HumanCrafter: Synergizing Generalizable Human Reconstruction and Semantic 3D Segmentation
Panwang Pan, Tingting Shen, Chenxin Li, Yunlong Lin, Kairun Wen, Jingjing Zhao, Yixuan Yuan
TL;DR
HumanCrafter tackles the challenge of simultaneous 3D human reconstruction and body-part segmentation from a single image. It introduces a feed-forward pipeline that converts aggregated multi-view features into pixel-aligned 3D Gaussian Primitives, with a second transformer producing semantic 3D Gaussians and a differentiable renderer. The model leverages human priors (e.g., SMPL, Plücker embeddings) and diffusion-based appearance priors, enabling cross-task learning with a joint render-distillation-segmentation objective, achieving state-of-the-art results in both 3D segmentation and single-image 3D reconstruction while running in real time.
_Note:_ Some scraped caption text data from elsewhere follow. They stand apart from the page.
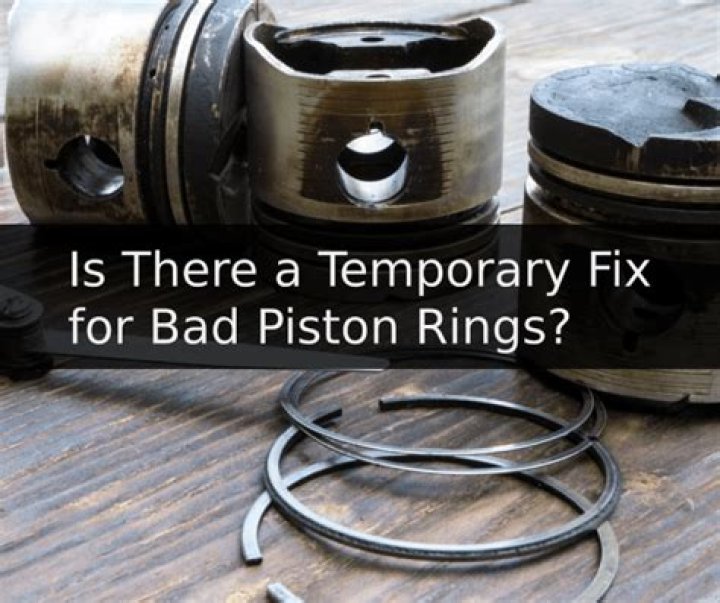 Is there an additive for worn piston rings?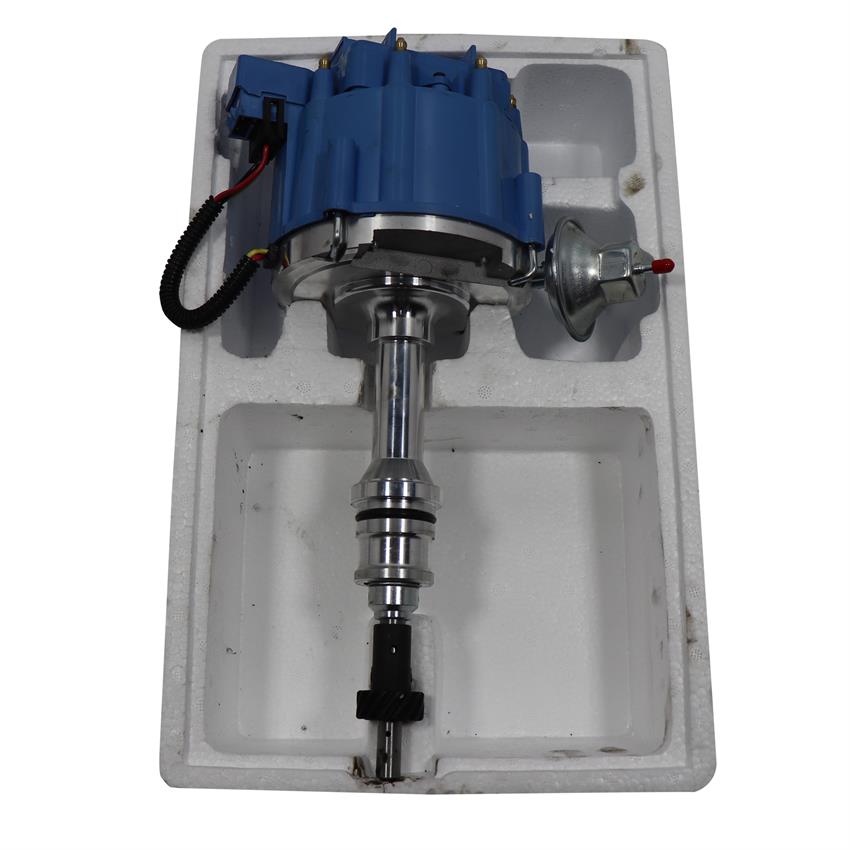 HEI Distributor, SBF Small Block Ford, 289/302, Blue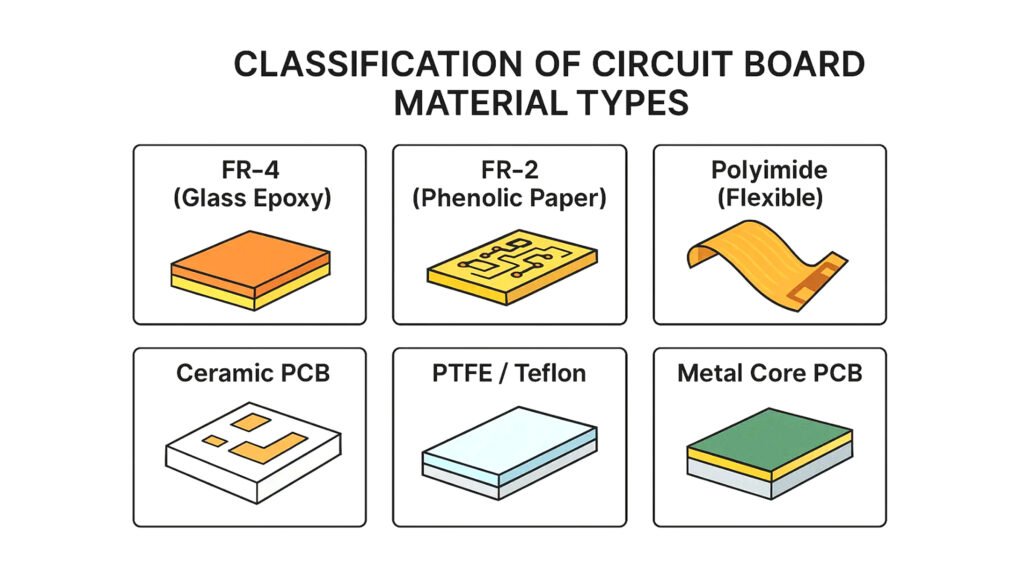 PCB Material Selection Guide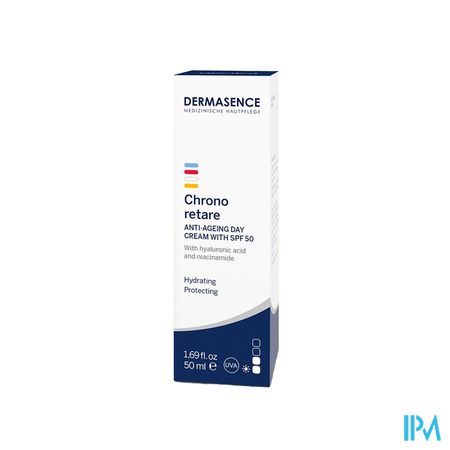 Dermasence Chrono Retare A/ageday Cr Spf50 50ml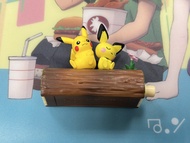 Pokemon rement 姆克兒 咩利羊 比卡超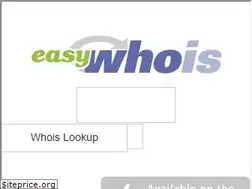 Sites similar to easywhois.com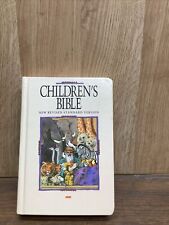 Children’s Bible NRSV Red Letter Cokesbury Beautifully Illustrated In Color picture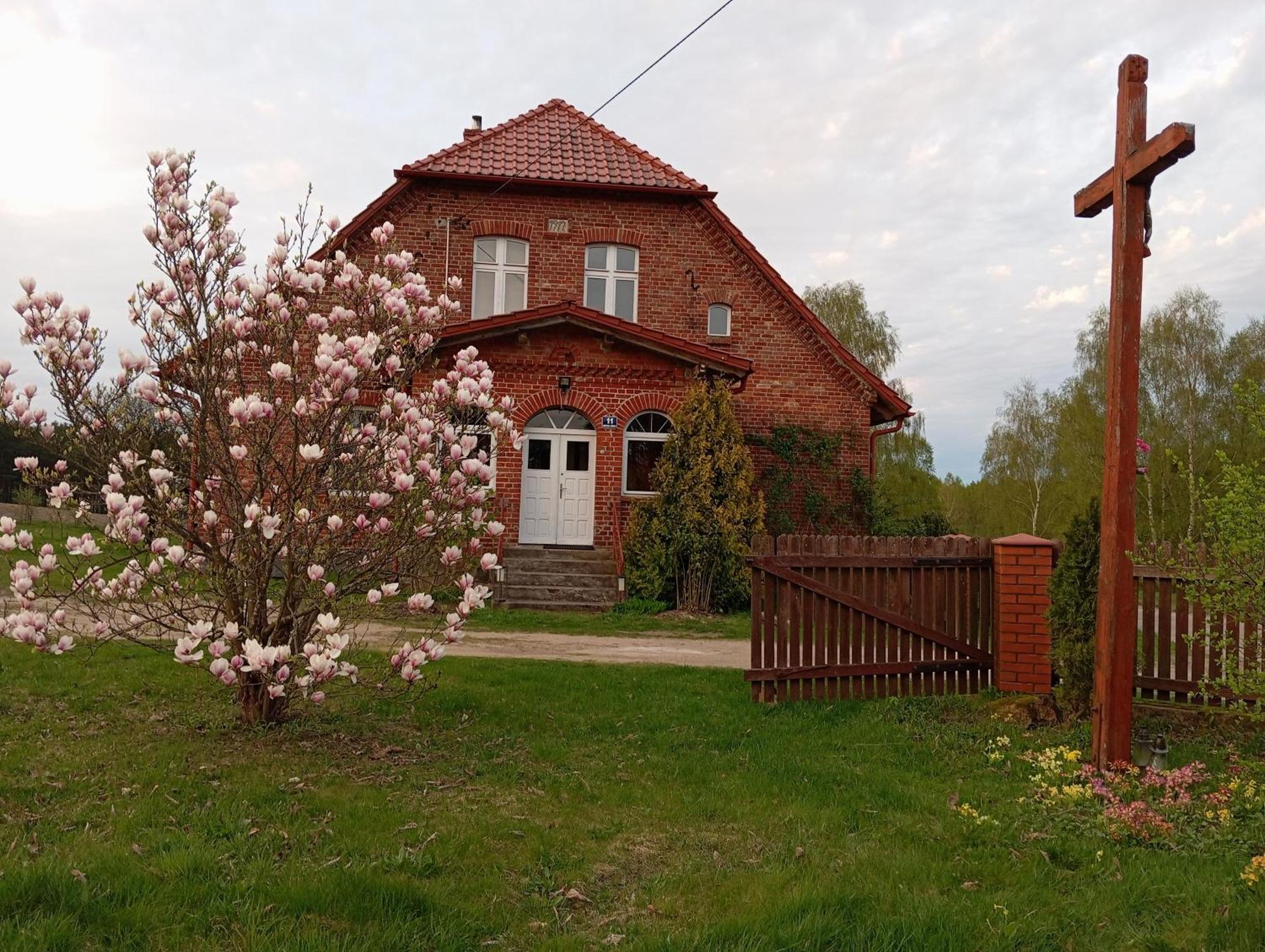 Wczasy Na Kaszubach Villa Gorki  Kültér fotó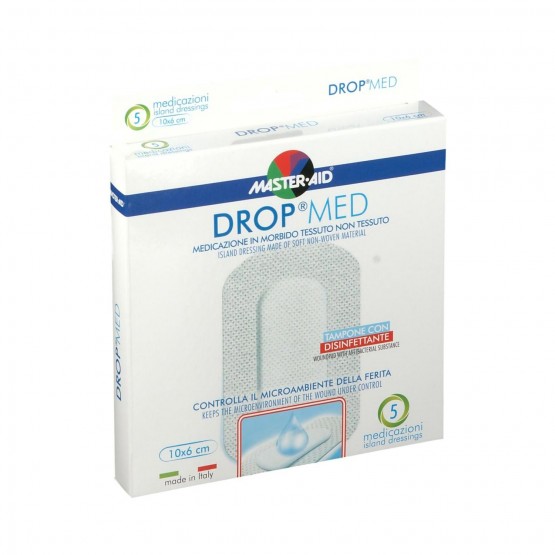 Master Aid - Drop Med 10x6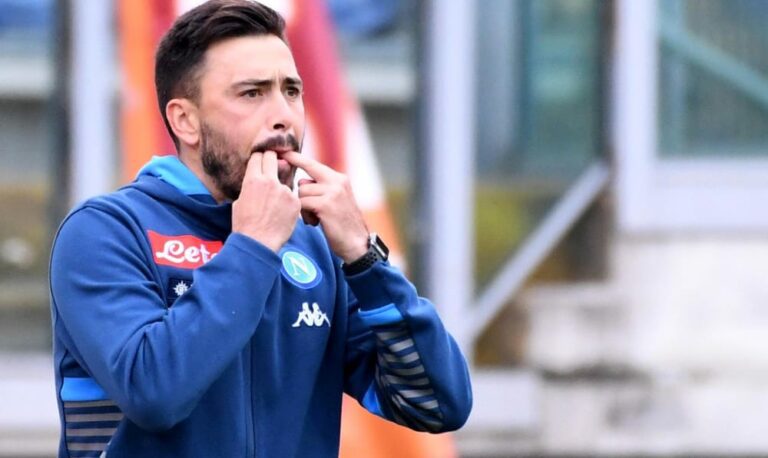 Davide Ancelotti e Napoli: "Unico posto in cui mi hanno fatto pesare di essere il figlio di Carlo"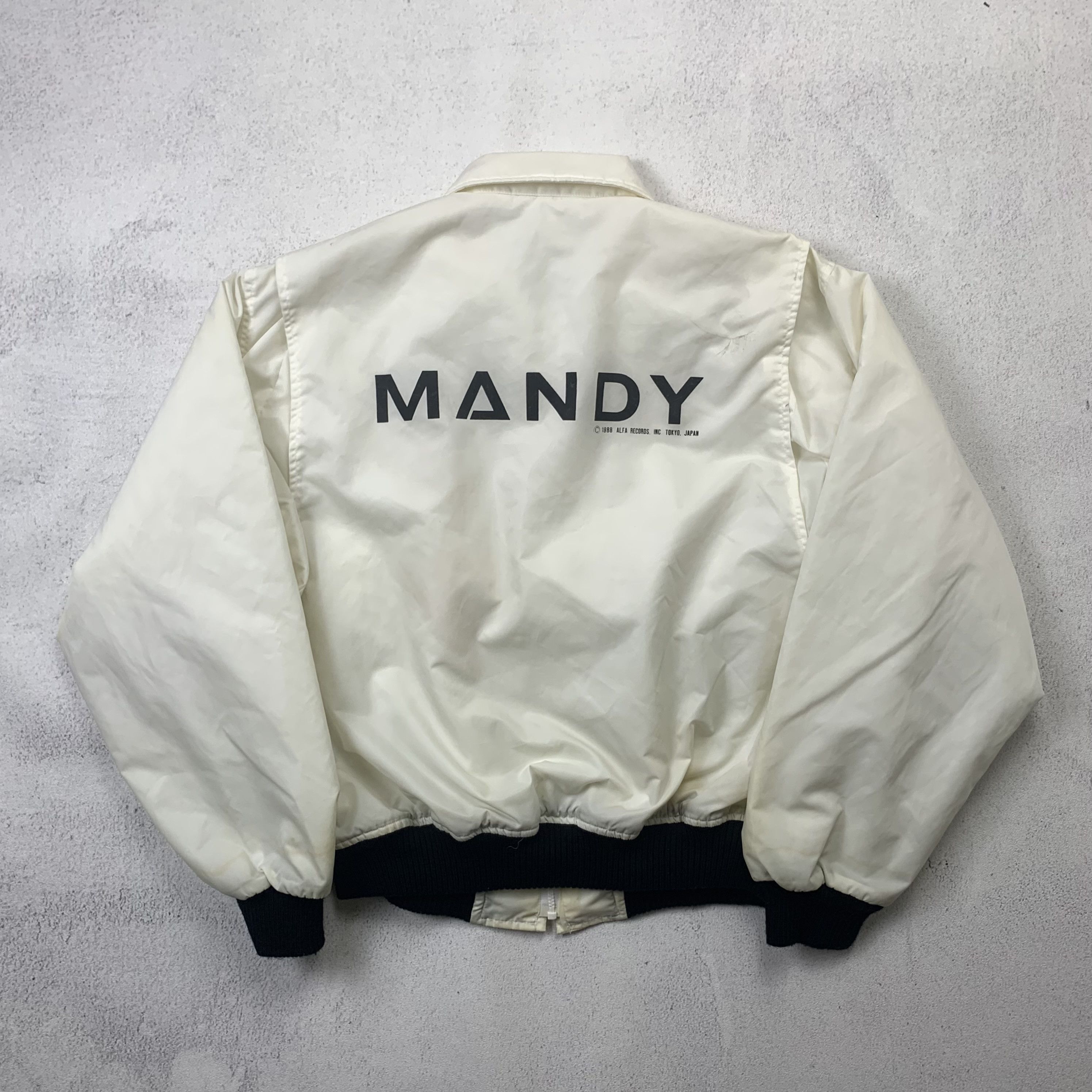 Band Tees Vintage Mandy Smith Jacket PWL Records Size US L / EU 52-54 / 3 - 1 Thumbnail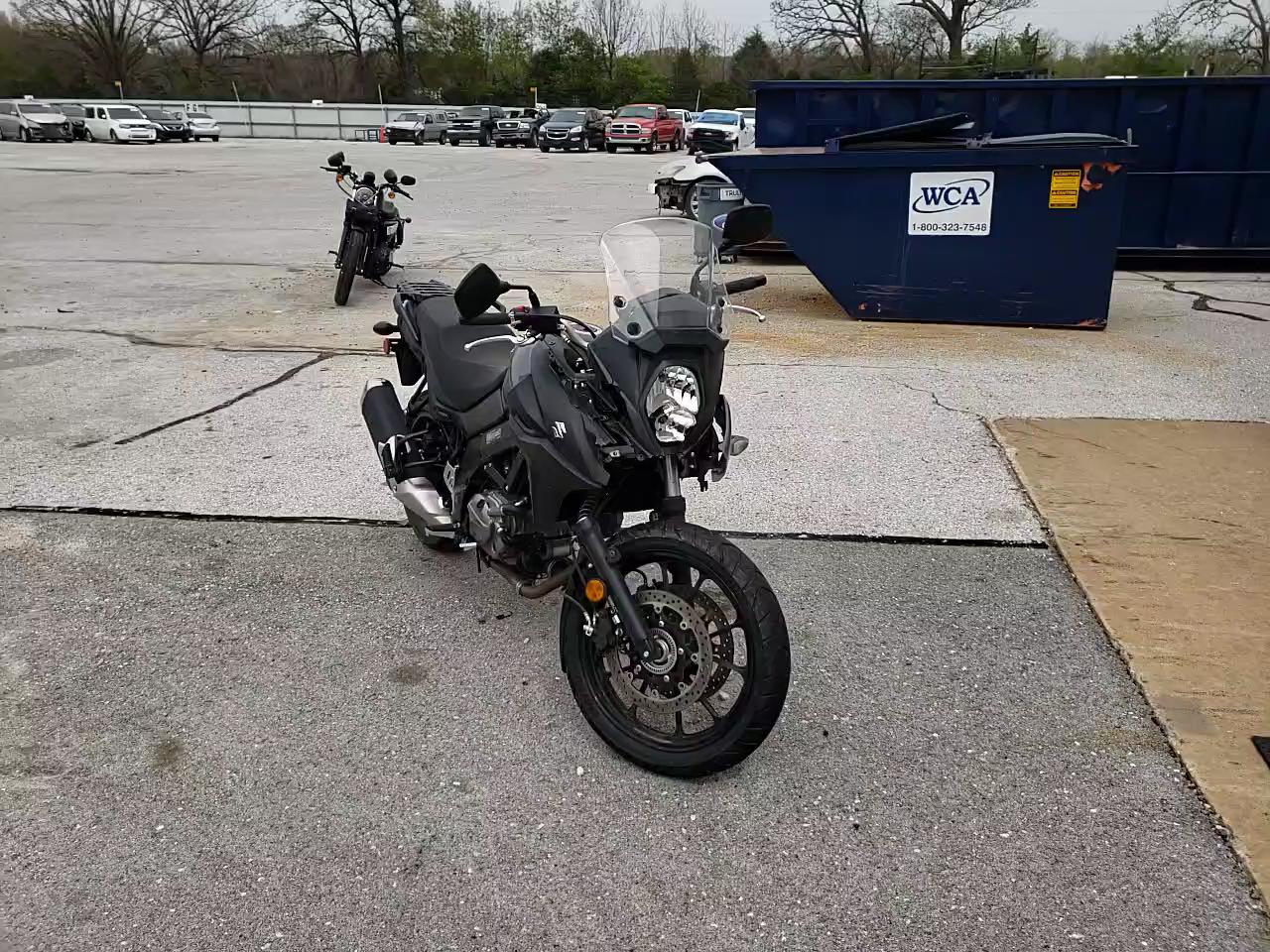 2020 SUZUKI DL650 A JS1C733B8L7100294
These capabilities enable practical applications in AR/VR, editing, and immersive exploration, while the work also discusses ethical considerations and future directions.
Abstract
Recent advances in generative models have achieved high-fidelity in 3D human reconstruction, yet their utility for specific tasks (e.g., human 3D segmentation) remains constrained. We propose HumanCrafter, a unified framework that enables the joint modeling of appearance and human-part semantics from a single image in a feed-forward manner. Specifically, we integrate human geometric priors in the reconstruction stage and self-supervised semantic priors in the segmentation stage. To address labeled 3D human datasets scarcity, we further develop an interactive annotation procedure for generating high-quality data-label pairs. Our pixel-aligned aggregation enables cross-task synergy, while the multi-task objective simultaneously optimizes texture modeling fidelity and semantic consistency. Extensive experiments demonstrate that HumanCrafter surpasses existing state-of-the-art methods in both 3D human-part segmentation and 3D human reconstruction from a single image.